Electricity prices are surging in the U.S. amid freezing temperatures
Electricity prices are surging on power grids from Virginia to Maine as homeowners cranked up heaters to combat freezing temperatures.
New York City’s spot price briefly spiked to $1,280.60 per megawatt-hour at 11 a.m. before settling between $200 and $300, according to the grid operator’s website. New England prices tripled in the late morning from a day earlier, touching $286.
Prices in New Jersey and Philadelphia topped $100. Prices in the region this time of year typically range between $40 and $70 per megawatt-hour.
Demand is coming in above the grid operators’ forecasts after a no’easter swept into the region after blanketing Washington with snow for a second time this week. New England is especially vulnerable to price spikes because it’s at the end of the natural gas pipeline and has to rely on costly imports. Natural gas is the main fuel for power plants.

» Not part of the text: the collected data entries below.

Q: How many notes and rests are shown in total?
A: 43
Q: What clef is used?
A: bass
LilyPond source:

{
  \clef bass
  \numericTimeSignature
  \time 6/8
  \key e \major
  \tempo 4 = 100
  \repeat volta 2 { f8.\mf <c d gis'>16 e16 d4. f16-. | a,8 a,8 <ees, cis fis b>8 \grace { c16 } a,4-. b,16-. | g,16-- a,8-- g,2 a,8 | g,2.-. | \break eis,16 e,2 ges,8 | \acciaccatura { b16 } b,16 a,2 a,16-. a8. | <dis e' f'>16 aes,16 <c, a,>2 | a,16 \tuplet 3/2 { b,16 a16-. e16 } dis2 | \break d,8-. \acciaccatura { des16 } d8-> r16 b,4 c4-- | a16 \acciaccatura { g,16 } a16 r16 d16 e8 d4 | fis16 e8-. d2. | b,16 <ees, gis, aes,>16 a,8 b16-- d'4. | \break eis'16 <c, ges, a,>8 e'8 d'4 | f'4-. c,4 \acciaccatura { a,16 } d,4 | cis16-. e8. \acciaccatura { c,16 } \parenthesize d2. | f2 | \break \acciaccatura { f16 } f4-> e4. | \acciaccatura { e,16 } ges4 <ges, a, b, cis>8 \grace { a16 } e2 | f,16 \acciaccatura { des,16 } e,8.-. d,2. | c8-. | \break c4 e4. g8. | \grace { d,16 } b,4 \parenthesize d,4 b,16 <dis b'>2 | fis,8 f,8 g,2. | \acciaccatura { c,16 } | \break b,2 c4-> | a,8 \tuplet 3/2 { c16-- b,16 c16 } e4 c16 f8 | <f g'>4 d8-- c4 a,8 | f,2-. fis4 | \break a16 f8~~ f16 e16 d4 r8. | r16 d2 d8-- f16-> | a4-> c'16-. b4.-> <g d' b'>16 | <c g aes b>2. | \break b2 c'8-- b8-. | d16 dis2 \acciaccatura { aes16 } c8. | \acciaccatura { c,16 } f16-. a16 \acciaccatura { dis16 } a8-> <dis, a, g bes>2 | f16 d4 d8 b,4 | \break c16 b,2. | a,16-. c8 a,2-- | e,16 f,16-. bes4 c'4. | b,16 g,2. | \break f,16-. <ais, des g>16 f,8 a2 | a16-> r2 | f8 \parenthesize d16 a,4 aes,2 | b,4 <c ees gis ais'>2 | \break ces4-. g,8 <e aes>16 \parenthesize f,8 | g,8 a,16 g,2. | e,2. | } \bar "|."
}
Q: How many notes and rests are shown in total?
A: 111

Power prices across the Midwest are also popping to about $100 a megawatt-hour on the central U.S. grid run by the Midcontinent Independent System Operator, known as MISO. That’s three times more expensive than prices on the grid’s Gulf Coast region.
“The entire MISO footprint is experiencing very cold temperatures this morning, which led to a higher-than-expected load,” spokesman Brandon Morris said in an email.